The plan is to stop by in two weeks when we are on our way back from San Antonio. I'm sure Allan won't mind. She is happy I'm happy and I want her to see how happy he makes me so, we will stop by for a visit. It's always an adventure!

Sunday, March 31, 2013

Meeting My Mom


Chef Point Cafe in Watauga
Easter weekend, a family wedding and finally a chance to take the guy to meet my mom. Before now it wasn't possible because she lived with her son and then, after she moved, there hadn't been an opportunity. This weekend he was coming in for his nephew's wedding so we arranged to take mom to lunch. I had an appointment set up for her to get her hair done that morning so it would look nice and she would have it fixed for Easter Sunday at church - if she left it alone. This is the problem we've had in the past. She gets bored (probably) and messes with her hair. 

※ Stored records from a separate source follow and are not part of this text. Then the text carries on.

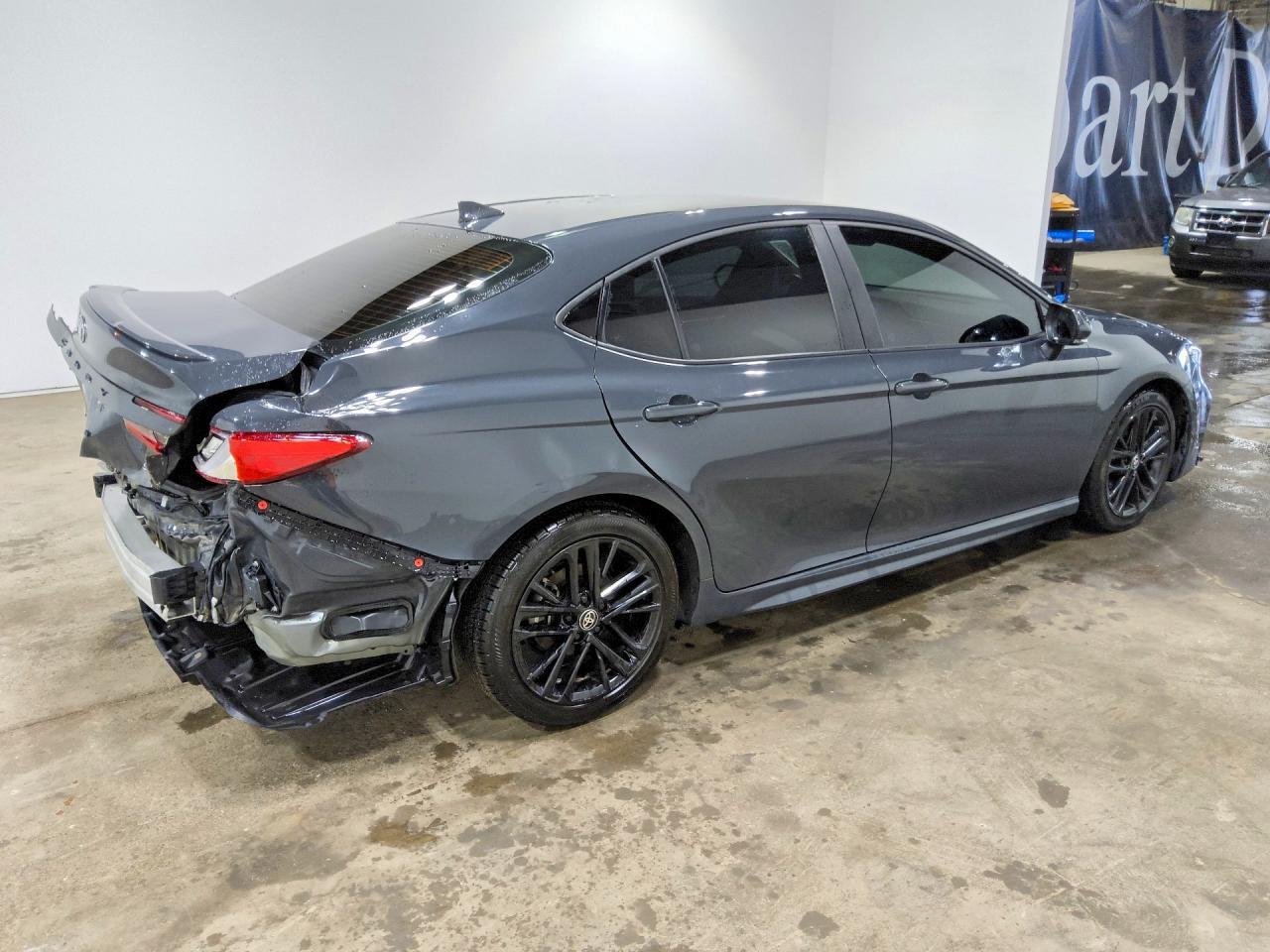 2025 TOYOTA CAMRY SE — Фото 3 из 12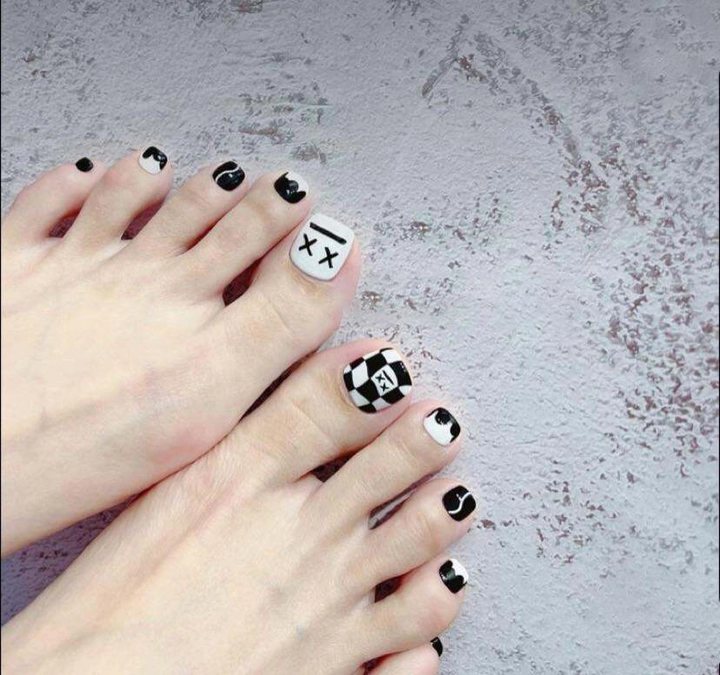 nail chân màu đen trắng cuốn hút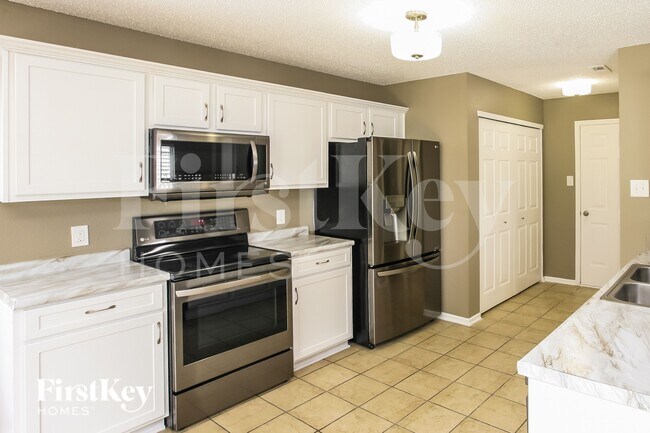 Building Photo - 15498 Border Dr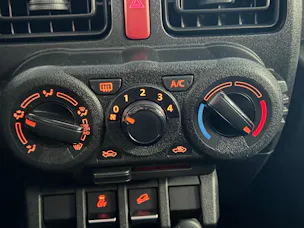 Suzuki Jimny 1.5 Unico 4 PLACES/4 SITZE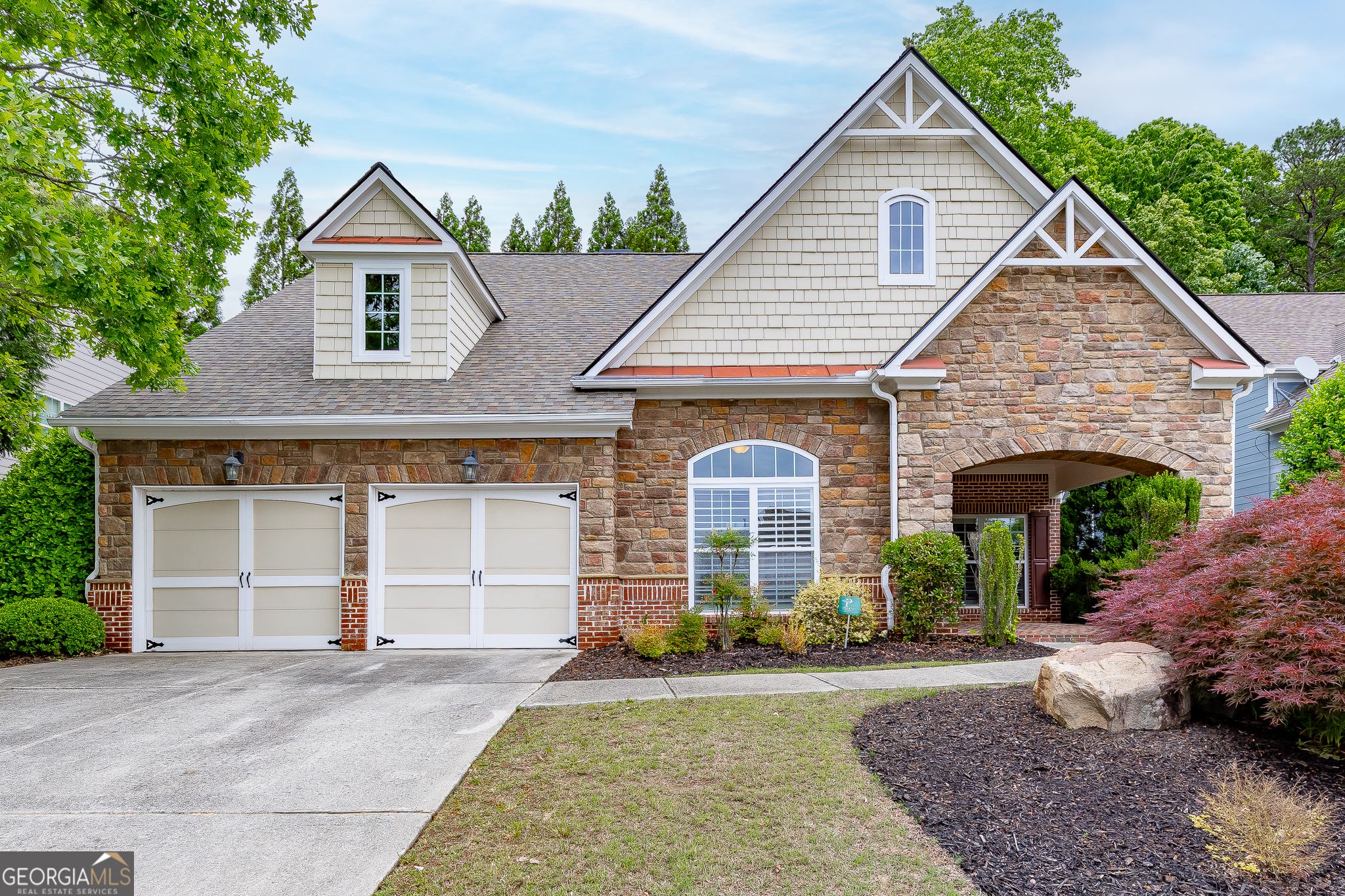 7042 Tree House Way Property Photo 1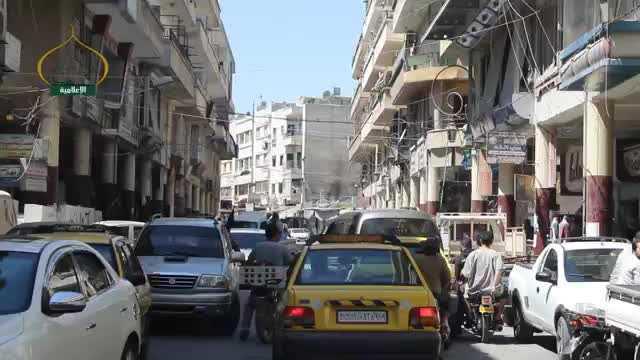 dlib'in nfusu : Yerel sivil idare kaytlarna gre dlib&#8217;de 2 milyon 400 bin civarnda yerli nfus, yaklak 1,3 milyon da i gle gelmi vatanda barnyor. TSK&#8217;nn dlib&#8217;de atekesin korunmas amacyla balataca intikal, sivillerin gvenle barnmasn salayaca iin, olas g dalgasnn nne gemi olacak.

When we got there, we found her at the lunch table with Dorothy, just waiting for us to come get her. It was nice to see Dorothy, as usual, and mom looking great with her hair done up. We signed her out and took her to Chef Point Cafe in Watauga. If you haven't ever heard of it, you should read about it and if you are in the area, you should visit. It was featured on Dinners, Drive-in's and Dives with Guy Fieri. Best Bread Pudding EVER!

As I have mentioned before, the food at the apartments doesn't ever appeal to me and mom never really seems to "enjoy" her food. It's part of her living there - three meals a day. She could order something else off the menu or get the meal of the day. She has always gotten the meal of the day when I'm there. 

At Chef Point, knowing their portions are huge, she and I split an entree and then the three of us had one Bread Pudding. The conversation was fine and the food was delicious. I didn't think she would finish her part and told her we could take it back if she could eat it all. We shared the Blackened Salmon on angel hair pasta with Fettuccine Sauce. Allan noted late that she ate everything and hardly looked up from devouring her meal. She ate her portion of dessert as well and seemed very pleased with everything. It was good to see her enjoy her food.

We could also tell how good she felt with her hair done. This has gotten me to thinking, I should set up a standing appointment once a week so she can get it done. Dorothy told me she was really depressed one day this past week. I know she isn't really sure what's going on with her there and may not be getting as many visitors as she had been getting. I am glad she has friends, Dorothy being the closest one who really enjoys mom. I can only do so much but this is one thing I will have to check on for sure.

When we got back, I had planned to have an opportunity to sit and visit but we spent more time out than I thought and we had a wedding to get to. When we walked her back in, Dorothy was walking down the hall towards us which was perfect. She was looking for something to do and mom was back and I didn't want to leave her standing there alone. We talked for a bit and then headed out.

All in all, things were great. She is a fan of my guy and he is a fan of her. He is encouraging me to call her and make sure I set up an appointment for her hair. He keeps me grounded for sure.